Is 7, 10-16, Ps 23 ;
Rm 1, 1-7 ; Mt 1, 18-24
C’est le dernier ! dernier dimanche de l’Avent.
Dernier dimanche avant Noël.
Ce Noël qui vient, va-t-il aussi être le dernier ? Vous
l’avez sans doute remarqué, si je jour de Noël est toujours attendu avec
autant de fébrilité par les enfants, le mot Noël, lui, est de plus en
plus absent. Dans les cartes de vœux que nous recevons, dans les
décorations toutes illuminées de nos villes, dans les médias, dans les
grands magasins et les supermarchés, le « joyeux Noël ! »
cède la place à « joyeuses fêtes », au pluriel, englobant la
fête de la Nativité dans un grand événement festif de fin d’année. Comme
pour mettre la fête païenne qui célèbre la nouvelle année au même niveau
que la fête de Noël. Comme pour minimiser Noël ? pour
l’étouffer ?
Il
faut dire que Noël dérange. La fête de Noël nous arrange, mais Noël
dérange. Il n’y a qu’à voir les polémiques qui reviennent chaque
année autour des crèches. N’en soyons pas étonnés : l’événement de
Noël est dérangeant par nature, puisqu’il célèbre le surgissement de
Dieu dans notre Histoire humaine. Ça ne peut pas ne pas déranger !
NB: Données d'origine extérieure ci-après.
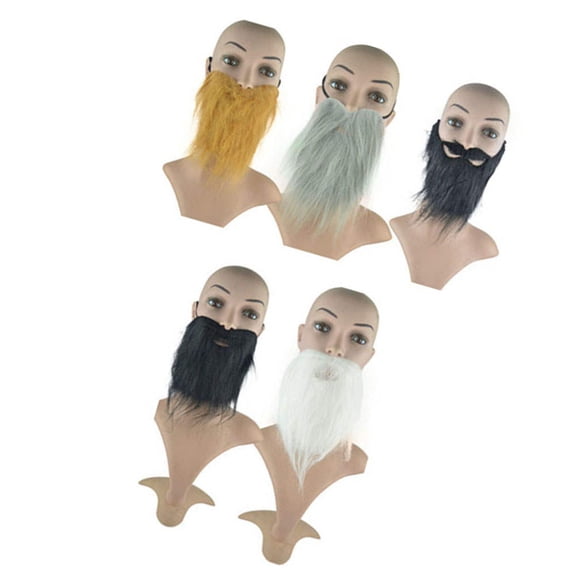 USHOBE 5 Pcs Cosplay Fake Beard For Adults Brown Flannel Masquerade Parties Supplies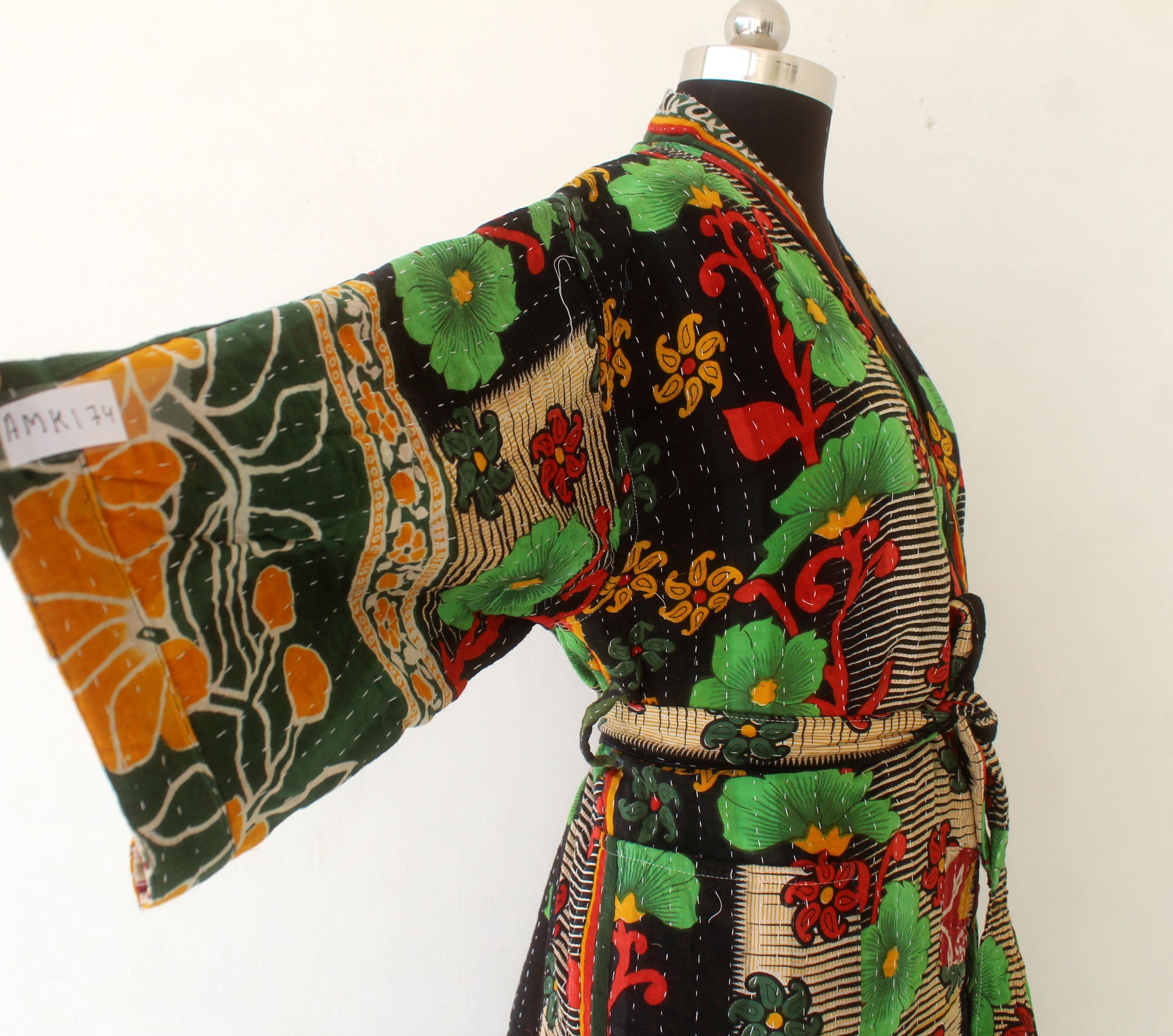 Cotton Kimono Robe Long Robe Handmade Fabric Kantha Quilted | Etsy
À Noël, Dieu se fait homme ; Dieu, l’inconnaissable, se fait
connaître, en se rendant visible !
Mais
Dieu ne se rend pas visible comme le feraient d’autres divinités, dans
une apparition, dans une fulgurance extraordinaire. Non, Dieu a fait le
projet de se révéler en se faisant homme à la manière de tous les
hommes : en devenant d’abord un bébé ordinaire, né dans une famille
humaine, un couple humain. Le foyer de base : un père, une
mère, un enfant. Rien que de l’ordinaire.
Et
pour réaliser ce projet de naissance, Dieu a donc dû préparer
Marie ; on le sait, c’est l’Immaculée Conception. Préparation sur
un long terme, dans la durée, en préservant de toute souillure du péché
l’écrin qui devait porter son enfant. Mais il a fallu aussi préparer
Joseph. C’est ce que nous raconte l’évangile d’aujourd’hui. Préparation
plus tardive, presque au dernier moment ! Joseph lui-même apprend
le projet de Dieu, et sa propre implication dans ce projet, alors que
l’enfant est déjà en route ! Pour Joseph aussi, Noël, ça
dérange ! ça oblige à se remettre en question ! Il fallait
quand-même que Dieu ait une belle confiance en Joseph, pour être sûr
qu’il adhère à son projet de naissance. Il fallait que Joseph soit un
homme fiable.
L’évangéliste
nous dit d’ailleurs que Joseph « était un homme juste ».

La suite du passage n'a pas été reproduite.